Don’t consult IDEO’s Sandy Speicher about fabric patterns. She’s got schools and prisons to reform.
There’s more to design than throw pillows and color swatches.
While those things are essential and important to give interiors life, they’re also just a small part of a larger picture. Often design is wrapped up in areas of our life and our world that we don’t even consider. It is used to solve problems and provide solutions. That’s the idea behind the concept of “design thinking”—a way of using design to tackle the world’s biggest and most complex issues. It’s an approach at the core of IDEO, the San Francisco-based outfit renowned for taking concepts of design to the next level.
“Design thinking is about taking the methods and mindset of design and applying that to the problems we see around us,” says Sandy Speicher, a partner and managing director of the company. “How might we design better health systems or survive through emergencies? The heart of what IDEO does is to take these skills and mindsets of a designer and work on bigger and bigger questions.”
Speicher says that people are at the heart of design thinking. In order to succeed, the first step is to understand what “motivates them, compels them and inspires them”—a big shift from the traditional way designers tend to work. “People can often forget to get to know the people they’re designing for,” she notes.
Design thinking is a growing trend in the consumer product world, inspired in some ways by Apple. (IDEO designed the first mouse for Apple in 1980). According to Speicher, consumer awareness of the importance and impact of design in their lives has grown steadily—especially in the last 10 years. Today, she says, governments, schools, hospitals and municipalities are starting to catch on. “The times are changing pretty fast, and when the systems you’ve created aren’t working as well, you’re not performing as well, you’re going to have to design a new solution,” she says.
One of Speicher’s favorite examples of this is a project that IDEO worked on called Innova Schools. A Peruvian entrepreneur, Carlos Ruiz Pastor, was struggling with a disconnect between a rapid rise in Peru’s middle class and the failure of the government’s school system to advance and serve that community. The education system was ranked 63 out of 65 on a global survey. “That means—even with all this economic opportunity—if they don’t have the talent or readiness, their country has not fulfilled on its potential. So he decided to create a school system that would help,” she explains.
Ruiz Pastor turned to IDEO. He tasked them with designing a new, and affordable, private school system from the ground up. (“When I say, ‘design something’ that’s not just buildings. It’s much deeper than that.”) The school system must be internationally competitive and tuition should cost no more than USD $100 per month. And it had to be scalable: Pastor wanted its model to be capable of expanding across Peru to up to 200 schools.

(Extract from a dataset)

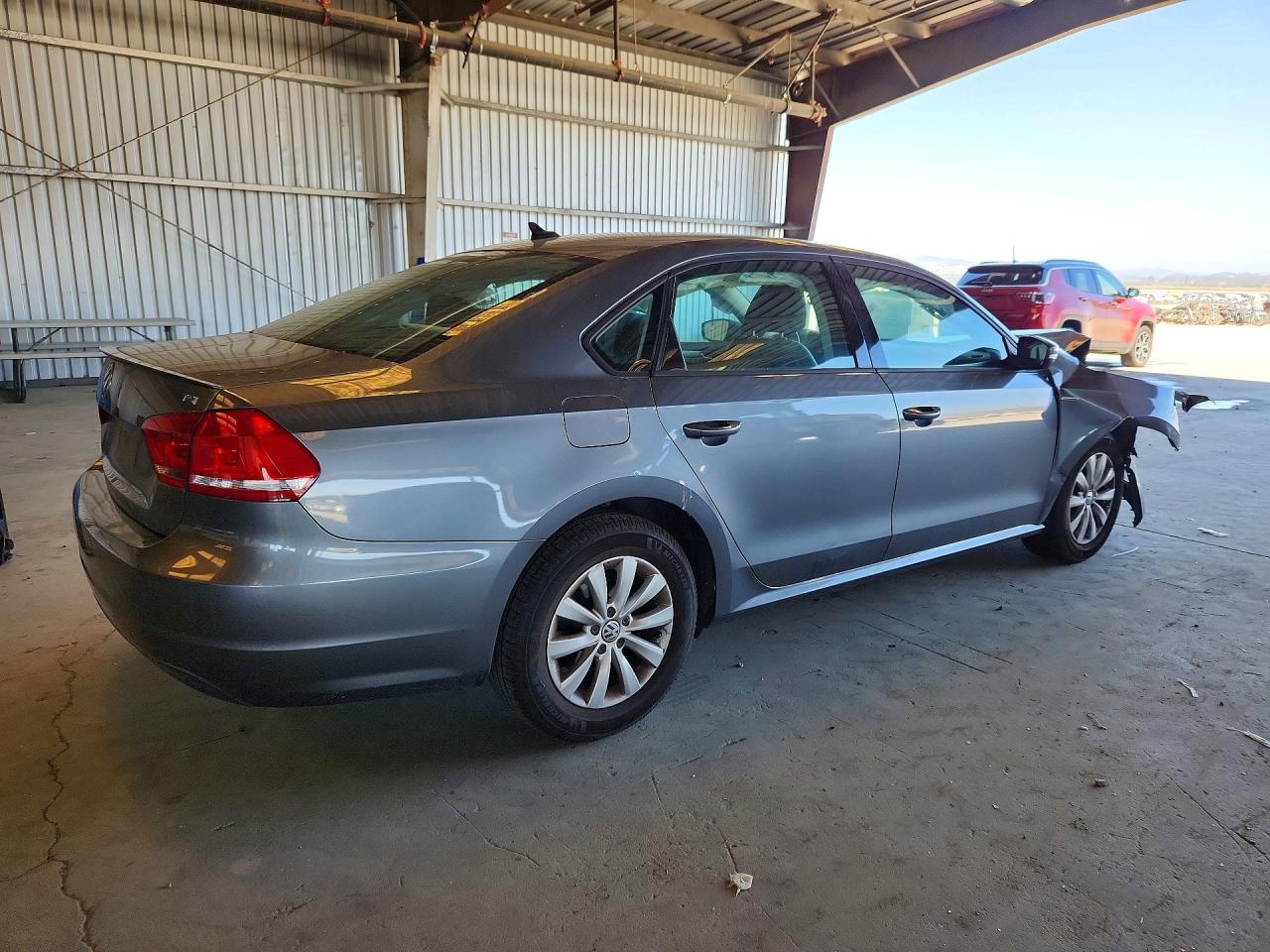 2014 Volkswagen Passat S Gray vin: 1VWAT7A35EC098829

“We had to go on a journey to design the system,” she says. “I think I lost years on my life working on it. I worried a lot in the process. When your job is to innovate, you don’t know what the answer is when you start.”

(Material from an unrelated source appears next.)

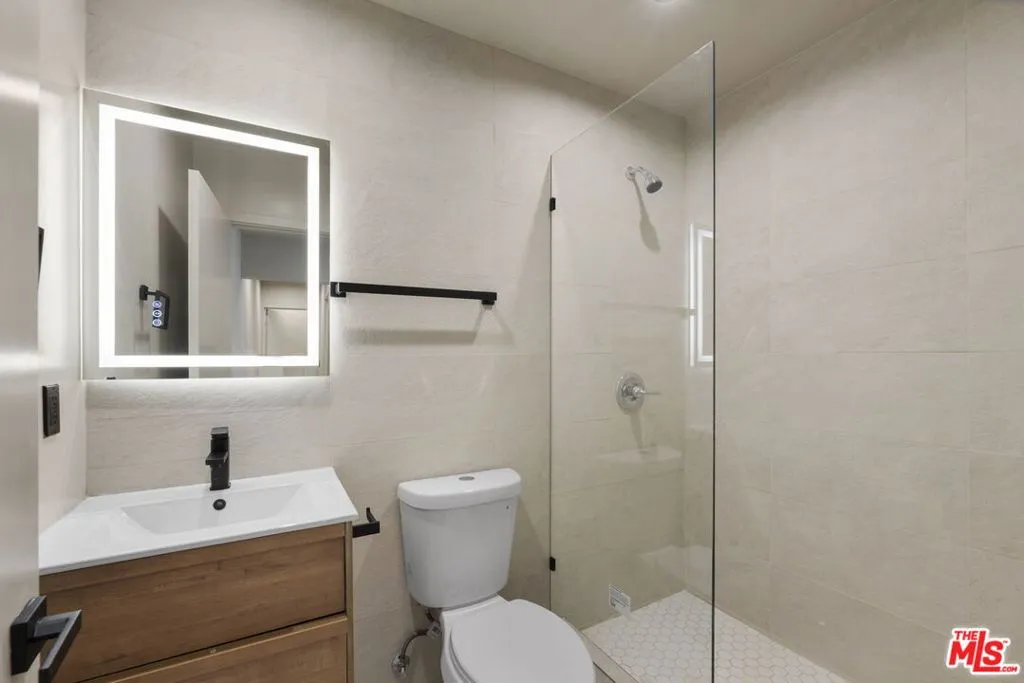 921 N Benton Way, Los Angeles, California 90026 home-pic-9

Speicher and the IDEO team spent a month in Peru speaking with teachers, students, parents and everyone who would eventually be involved with the school system. Among other discoveries, they learned that teachers had graduated from the same faulty school system they were now leading. For the new schools to be successful, she observes, the IDEO team designed a “blended learning model.” First, they hired 55 teachers (Peruvian and American) to develop 18,000 lesson plans. Then they told the local teachers to keep 70 percent of the plans and change 30 percent to tailor to students’ needs.

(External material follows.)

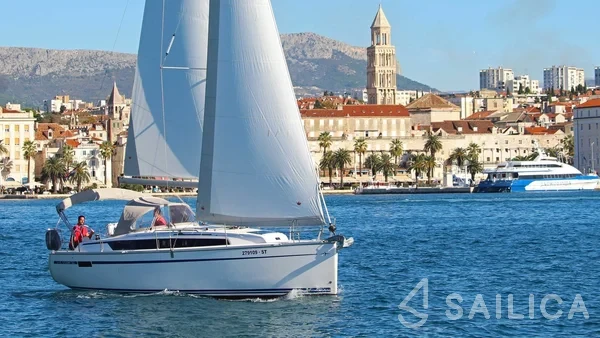 Bavaria 34 Cruiser - Yacht Charter Sailica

The ability to upgrade, adjust and perfect their learning plans has helped the teachers “learn as they grow.” The schools are on their fifth round of lesson plans now. And the program has grown to 41 schools serving 31,000 kids. It’s been such a hit that other countries are showing interest. Speicher says they’re even beginning to look at scaling it into Mexico.
I think I lost years on my life working on it. I worried a lot in the process. When your job is to innovate, you don’t know what the answer is when you start. Sandy Speicher
And it’s not just schools that can benefit from design thinking. IDEO has numerous projects that utilize these techniques. Currently, Speicher is working on a new project with Justice System Partners, a group that works to improve quality of life for people in the prison system in California. Speicher can’t say much yet, since the effort is in its infancy, but she reveals that it will use a recent research finding that young people’s brains don’t stop developing until they are 25—as opposed to the traditional expectation that adulthood starts at 18—to rethink programs for young men in prison.
“What do these men need as they transition back into society, and how might we redesign prisons before, during and after in order to help them in their development?” she asks.
Just as with the Innova Schools, they’re going into the problem with a lot of questions. “We have to have a path to follow and come to the answers,” she declares. The knowledge will come by design.